>>>>>

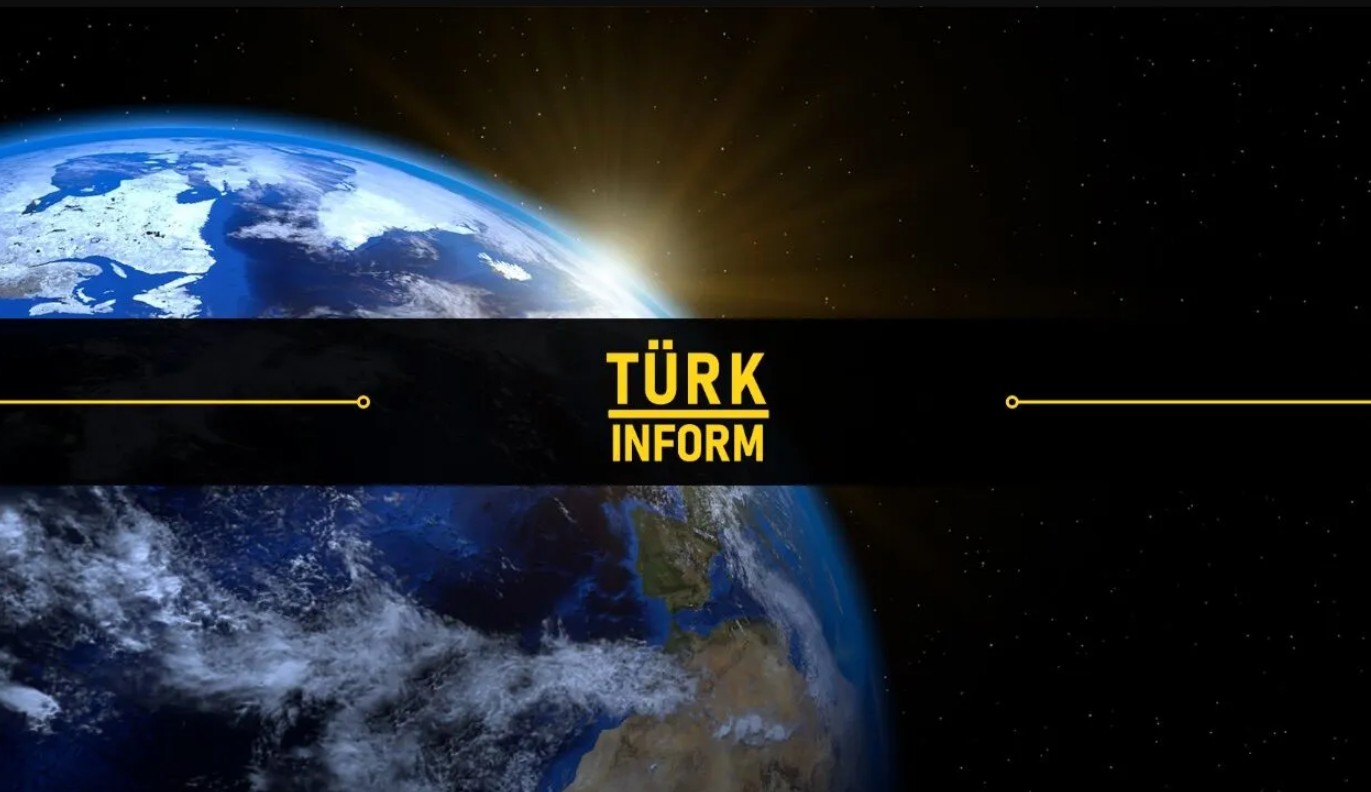 Sağlık Haberleri – Turkinform.com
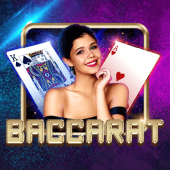 Baccarat B f168km casino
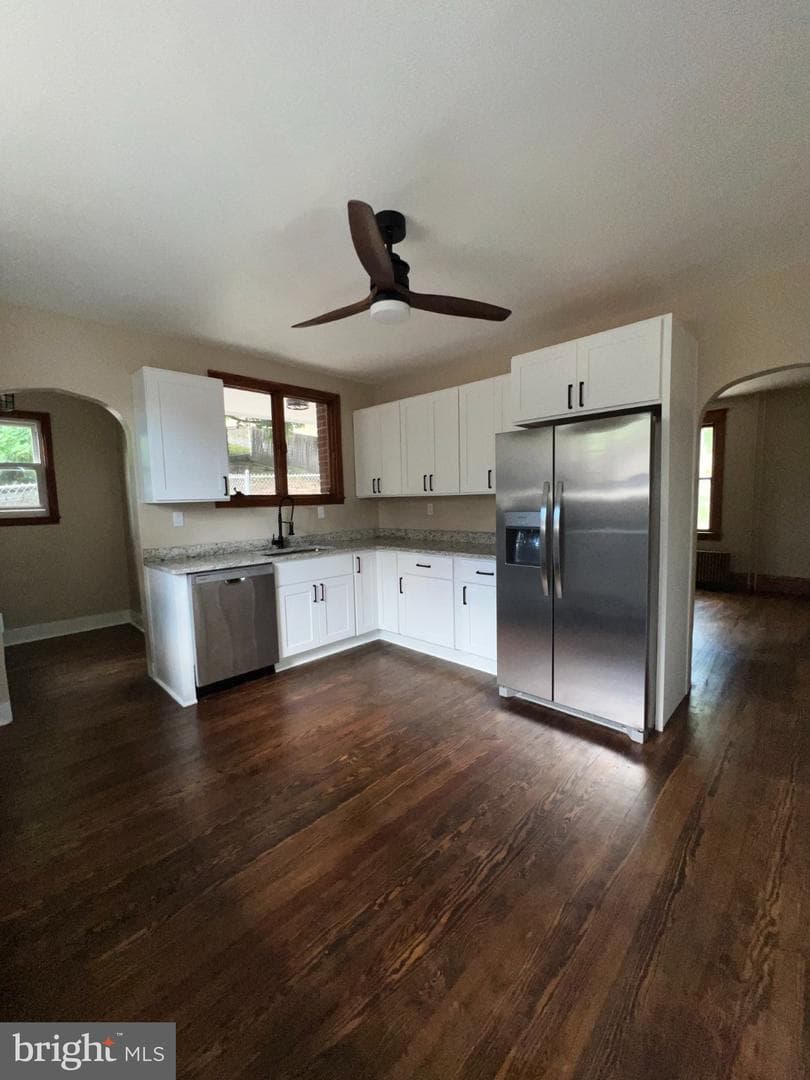307 Helen Street photo 13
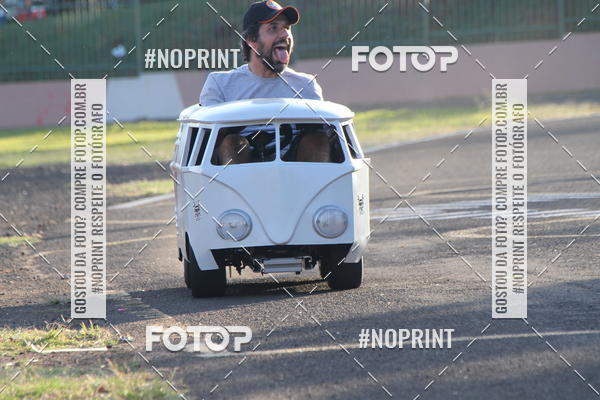 Buy your photos of the eventKing Kombi - P na Tbua on Fotop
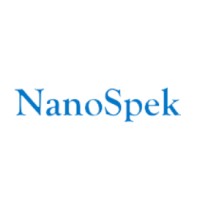 NanoSpek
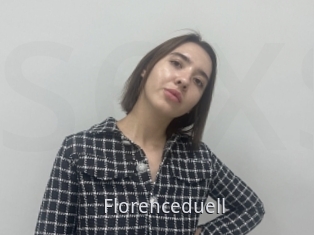 Florenceduell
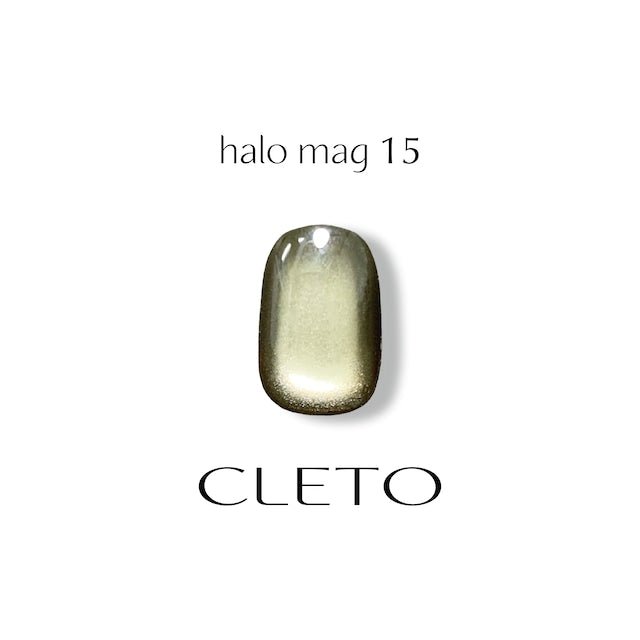 Cleto products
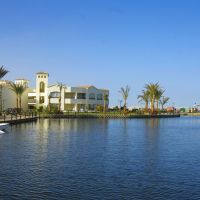 albatros dana beach hurghada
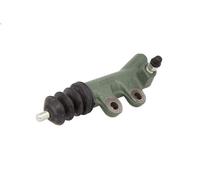 Cilindro secondario, frizione AISIN CRT-100 per HILUX VI Pick-up 2.5 2001-2005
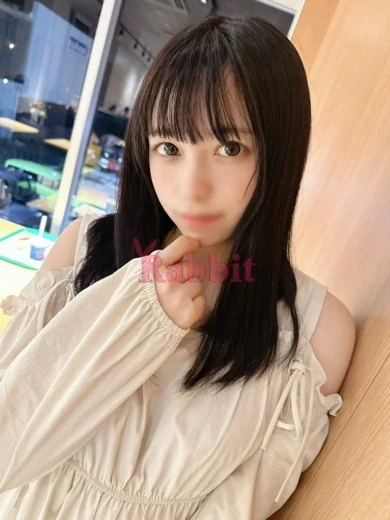 ミユ プロフィール画像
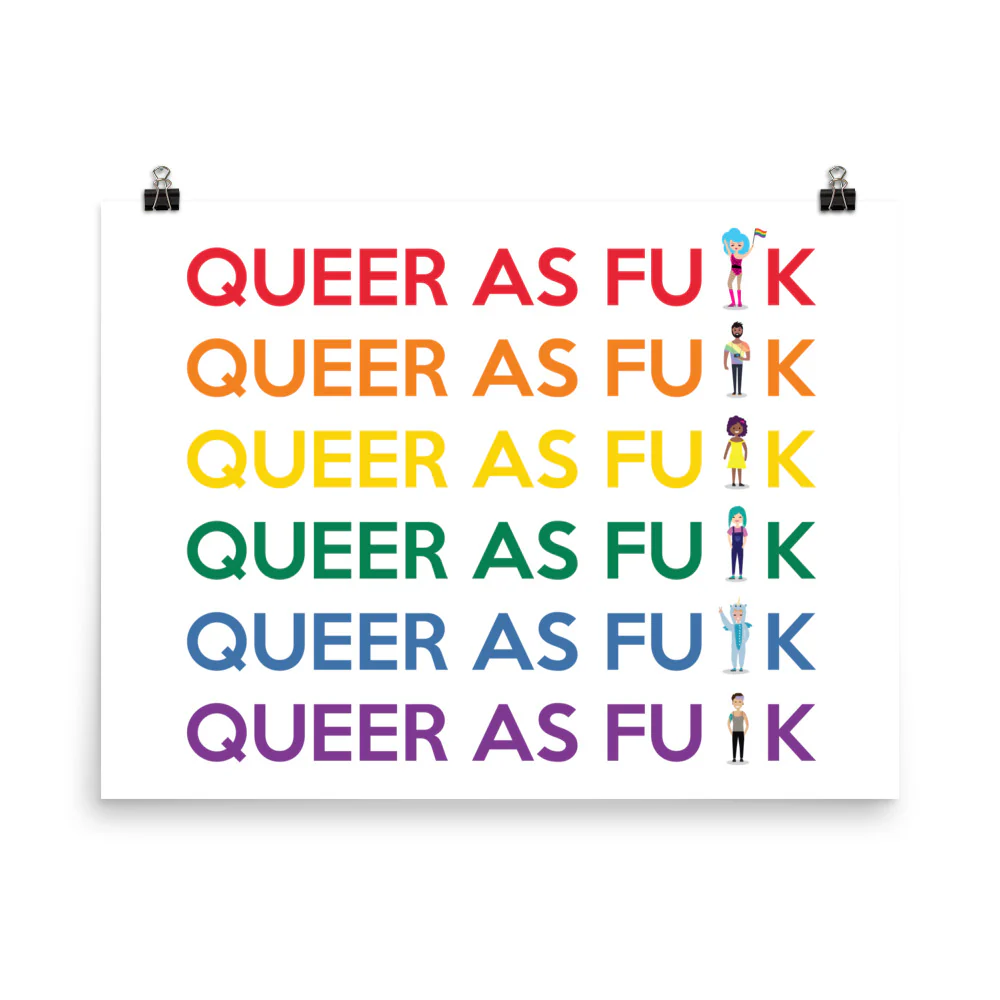 Product image 156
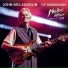 John McLaughlin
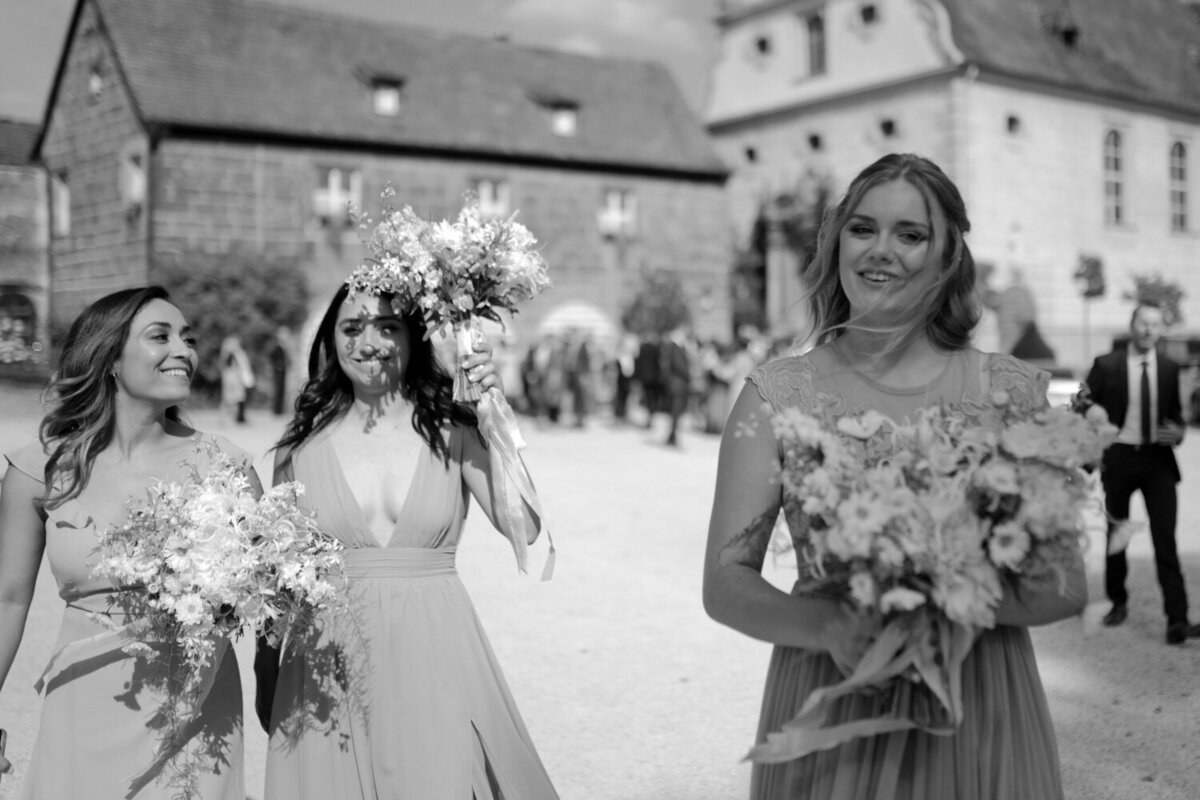 082_Flora_And_Grace_Europe_Destination_Wedding_Photographer-239_Elegant and whimsical destination wedding in Europe captured by editorial wedding photographer Flora and Grace.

<<<<<

• [Exercise instructions]:
Give the data above again, exactly, with every picture removed.

• [Written solution]:
 Sağlık Haberleri – Turkinform.com
 Baccarat B f168km casino
307 Helen Street photo 13
 Buy your photos of the eventKing Kombi - P na Tbua on Fotop
 NanoSpek
 Florenceduell
 Cleto products
 albatros dana beach hurghada
 Cilindro secondario, frizione AISIN CRT-100 per HILUX VI Pick-up 2.5 2001-2005
 ミユ プロフィール画像
 Product image 156
 John McLaughlin
 082_Flora_And_Grace_Europe_Destination_Wedding_Photographer-239_Elegant and whimsical destination wedding in Europe captured by editorial wedding photographer Flora and Grace.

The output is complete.